To know the difference between them (in the example above, the cumulative 2.35% difference), join both of the sources using the primary key and put the same columns side by side, and use a where clause to help you find where one column is different from model A when compared with model B. This inspection can be a first step to determine the possible cause of error. We recommend analyzing one column at a time.

Audit columns (compare_column_values)

We have talked about the compare_queries macro to audit rows, and how it can give the data analyst a nice overview of general compatibility ratio, with some flexibility to select specific column groups and apply business rules directly over the final audit query.

But, despite that being a powerful tool, it does not solve all of the problems with data auditing between legacy and refactored models.

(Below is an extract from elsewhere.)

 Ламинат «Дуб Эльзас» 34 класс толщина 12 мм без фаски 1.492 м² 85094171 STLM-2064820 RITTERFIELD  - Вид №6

While we can surely rely on that overview to validate the final refactored model with its legacy counterpart, it can be less useful while we are in the middle of the process of rebuilding a data workflow, where we need to track down which are exactly the columns that are causing incompatibility issues and what is wrong with them.

A really useful way to check out which specific columns are driving down the match percentage between tables is the compare_column_values macro that allows us to audit column values. This macro requires a primary key column to be set, so it can be used as an anchor to compare entries between the refactored dbt model column and the legacy table column. Figure 7 illustrates how the compare_column_values macro works.

Figure 7 — Workflow of auditing rows (compare_column_values) using audit_helperFigure 7 — Workflow of auditing rows (compare_column_values) using audit_helper

The macro’s output summarizes the status of column compatibility, breaking it down into different categories: perfect match, both are null, values do not match, value is null in A only, value is null in B only, missing from A and missing from B. This level of detailing makes it simpler for the AE or data analyst to figure out what can be causing incompatibility issues between the models. While refactoring a model, it is common that some keys used to join models are inconsistent, bringing up unwanted null values on the final model as a result, and that would cause the audit row query to fail, without giving much more detail.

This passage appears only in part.